* [Exercise requirements]
Among the lines below, the one containing "The PEEP we" opens the range and the one containing "Dog beds smell" closes it. Print that range exactly, without the pictures.

* [Records for processing]

***

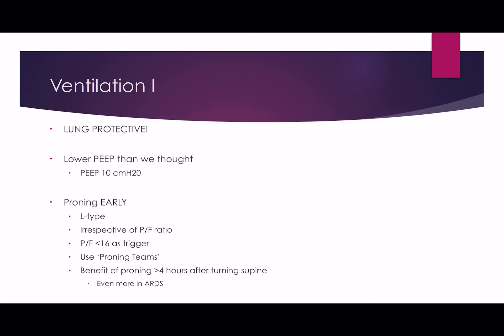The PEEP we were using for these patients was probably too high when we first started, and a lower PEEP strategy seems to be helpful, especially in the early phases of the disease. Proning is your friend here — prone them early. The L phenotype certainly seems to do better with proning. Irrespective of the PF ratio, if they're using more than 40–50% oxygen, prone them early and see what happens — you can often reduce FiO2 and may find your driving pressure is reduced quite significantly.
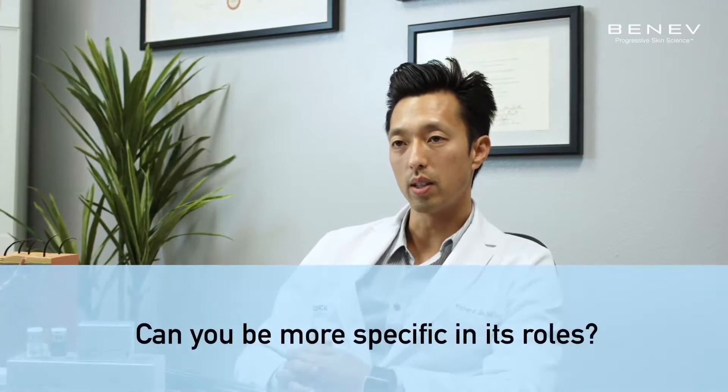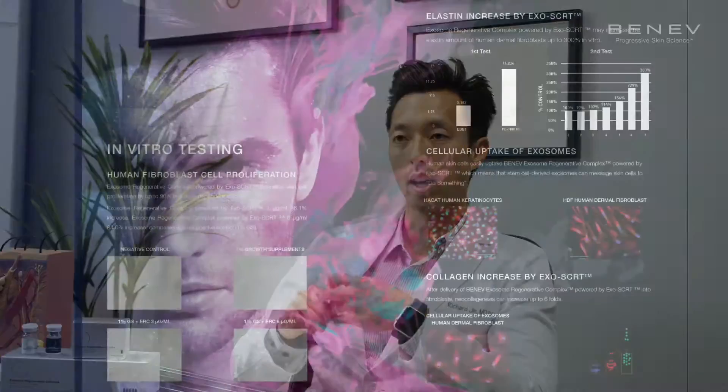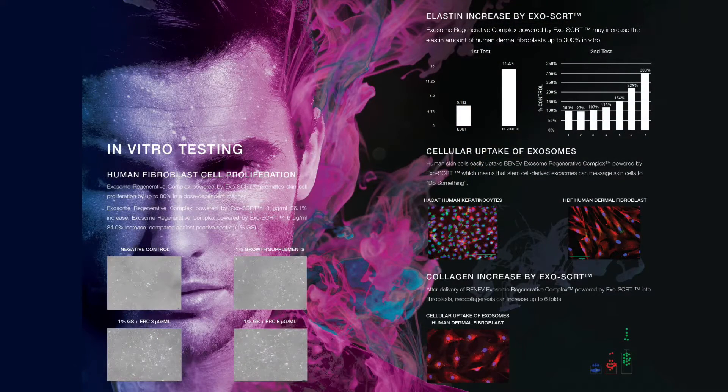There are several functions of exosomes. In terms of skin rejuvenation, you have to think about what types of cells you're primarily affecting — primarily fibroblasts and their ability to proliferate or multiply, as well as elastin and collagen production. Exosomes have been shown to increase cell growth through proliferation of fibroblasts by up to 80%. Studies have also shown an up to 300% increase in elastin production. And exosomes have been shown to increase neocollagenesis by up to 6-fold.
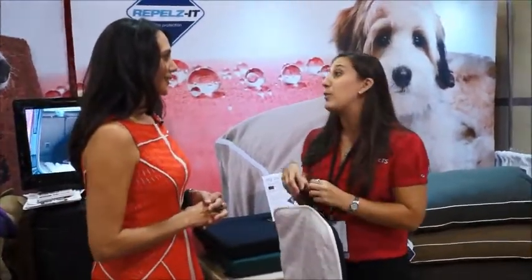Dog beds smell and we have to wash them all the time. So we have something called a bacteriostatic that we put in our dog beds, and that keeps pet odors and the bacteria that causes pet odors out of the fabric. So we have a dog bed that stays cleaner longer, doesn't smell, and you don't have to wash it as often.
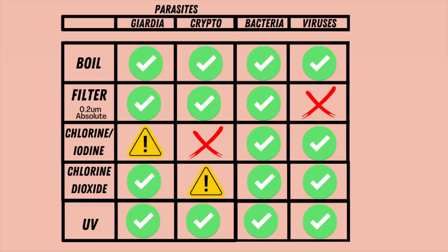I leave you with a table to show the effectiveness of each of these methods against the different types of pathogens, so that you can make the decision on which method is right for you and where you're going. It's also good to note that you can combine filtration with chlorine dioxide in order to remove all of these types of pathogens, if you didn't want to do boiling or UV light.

***

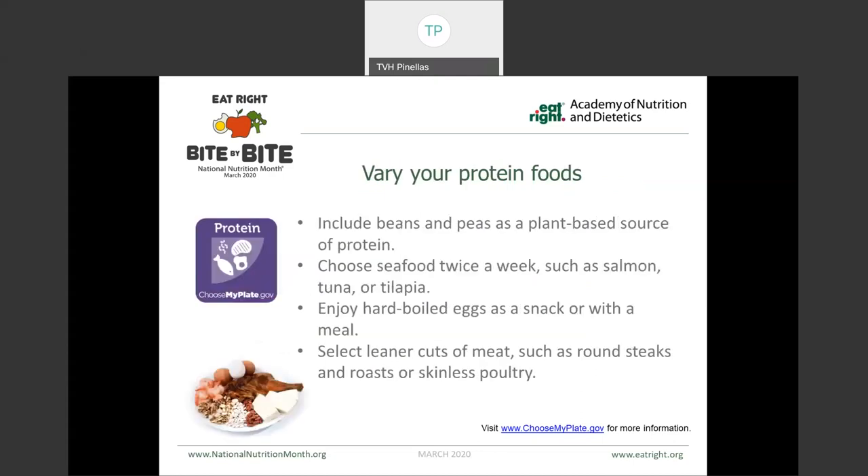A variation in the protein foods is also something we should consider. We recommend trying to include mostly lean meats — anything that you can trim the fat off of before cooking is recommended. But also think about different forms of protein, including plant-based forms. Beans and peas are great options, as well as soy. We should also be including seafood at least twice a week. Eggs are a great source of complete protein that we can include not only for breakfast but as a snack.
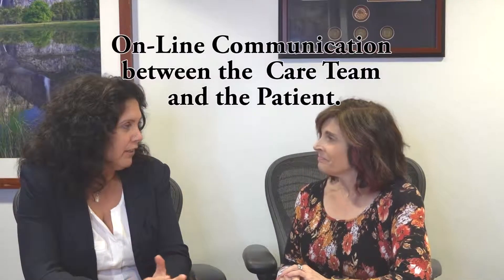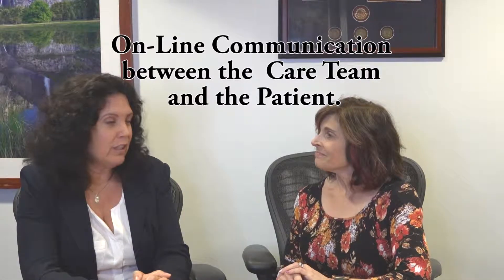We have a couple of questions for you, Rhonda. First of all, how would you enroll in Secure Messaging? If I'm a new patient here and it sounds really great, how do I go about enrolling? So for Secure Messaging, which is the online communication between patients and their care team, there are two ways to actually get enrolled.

***

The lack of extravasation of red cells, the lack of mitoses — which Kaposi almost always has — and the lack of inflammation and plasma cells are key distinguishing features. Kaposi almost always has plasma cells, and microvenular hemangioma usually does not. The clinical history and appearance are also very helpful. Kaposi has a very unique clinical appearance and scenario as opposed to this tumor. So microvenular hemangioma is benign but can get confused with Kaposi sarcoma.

***

* [Solution to the problem]
The PEEP we were using for these patients was probably too high when we first started, and a lower PEEP strategy seems to be helpful, especially in the early phases of the disease. Proning is your friend here — prone them early. The L phenotype certainly seems to do better with proning. Irrespective of the PF ratio, if they're using more than 40–50% oxygen, prone them early and see what happens — you can often reduce FiO2 and may find your driving pressure is reduced quite significantly.
There are several functions of exosomes. In terms of skin rejuvenation, you have to think about what types of cells you're primarily affecting — primarily fibroblasts and their ability to proliferate or multiply, as well as elastin and collagen production. Exosomes have been shown to increase cell growth through proliferation of fibroblasts by up to 80%. Studies have also shown an up to 300% increase in elastin production. And exosomes have been shown to increase neocollagenesis by up to 6-fold.
Dog beds smell and we have to wash them all the time. So we have something called a bacteriostatic that we put in our dog beds, and that keeps pet odors and the bacteria that causes pet odors out of the fabric. So we have a dog bed that stays cleaner longer, doesn't smell, and you don't have to wash it as often.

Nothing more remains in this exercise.